IACR / latex-submit

Web server to receive uploaded LaTeX and execute it in a docker container.
GNU Affero General Public License v3.0
11 stars 0 forks source link

automate notifying author of errors #13

Closed kmccurley closed 11 months ago

kmccurley commented 1 year ago

Even when a paper compiles, there are still things that might require an author's attention. I flag some of these like missing references, but others might go unnoticed or not be worth flagging. We can create additional issues to handle subcases here.

missing references (bibliographic or otherwise) We flag these in tasks.py::run_latex_task by looking for LaTeX Warning: There were undefined references in the log.

duplicate labels These are flagged by LaTeX Warning: There were multiply-defined labels. We now catch these in tasks.py

overfull \hbox We now flag these by looking for Overfull \\hbox in the log, but we might want to ignore these if the severity is low.

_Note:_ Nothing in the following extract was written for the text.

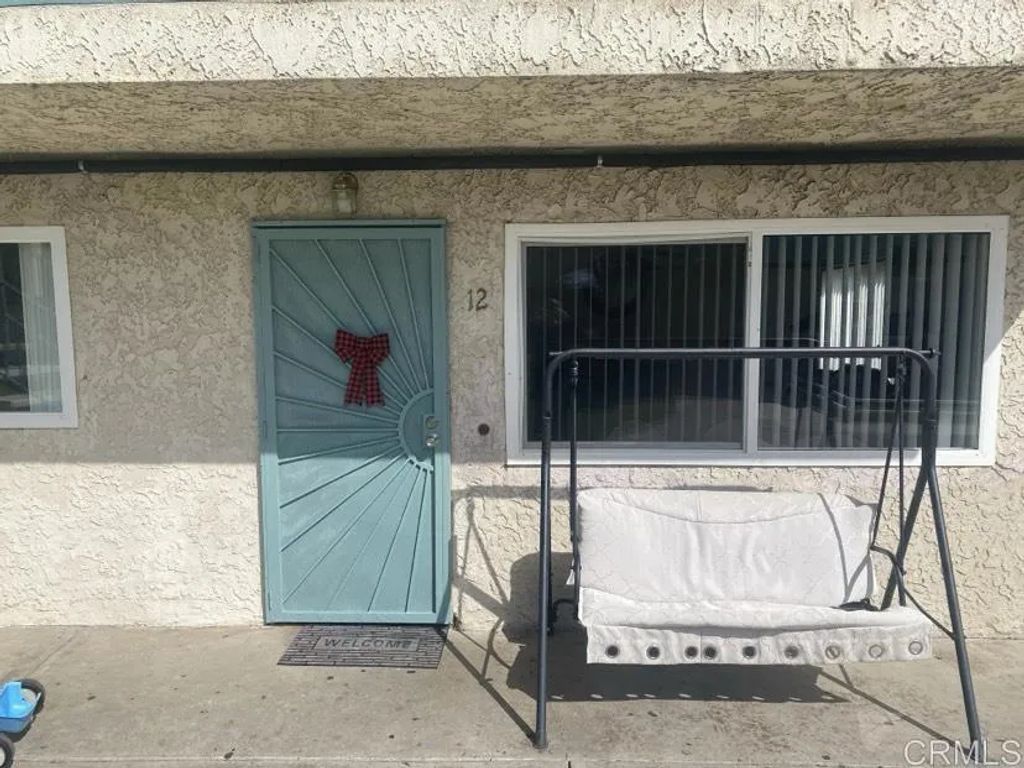 908 S Sunshine Avenue 12, El Cajon, CA 92020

underfull \hbox I'm not currently doing anything about these.

missing fonts These are tricky and may justify an independent issue. I saw one instance of

LaTeX Font Warning: Font shape `TU/lmr/bx/sc' undefined                                              
(Font)              using `TU/lmr/bx/n' instead on input line 1011.

This is not really an error - it's just a warning. I saw another in eurocrypt2022/146 that said:

LaTeX Font Warning: Command \scriptsize invalid in math mode on input line 73.

This one is unclear to me. I am most concerned with lualatex just dropping characters if it can't find a font.

warnings from packages.

Some packages like hyperref are just chatty with their warnings, saying for example that a token is not allowed in a PDF string (for example when we use \LaTeX\ in a section heading). The silence package says that these follow a pattern:

Package <Name of the package> Warning: <message text>

but the presence does not really indicate that anything is really wrong - it's informational from the package.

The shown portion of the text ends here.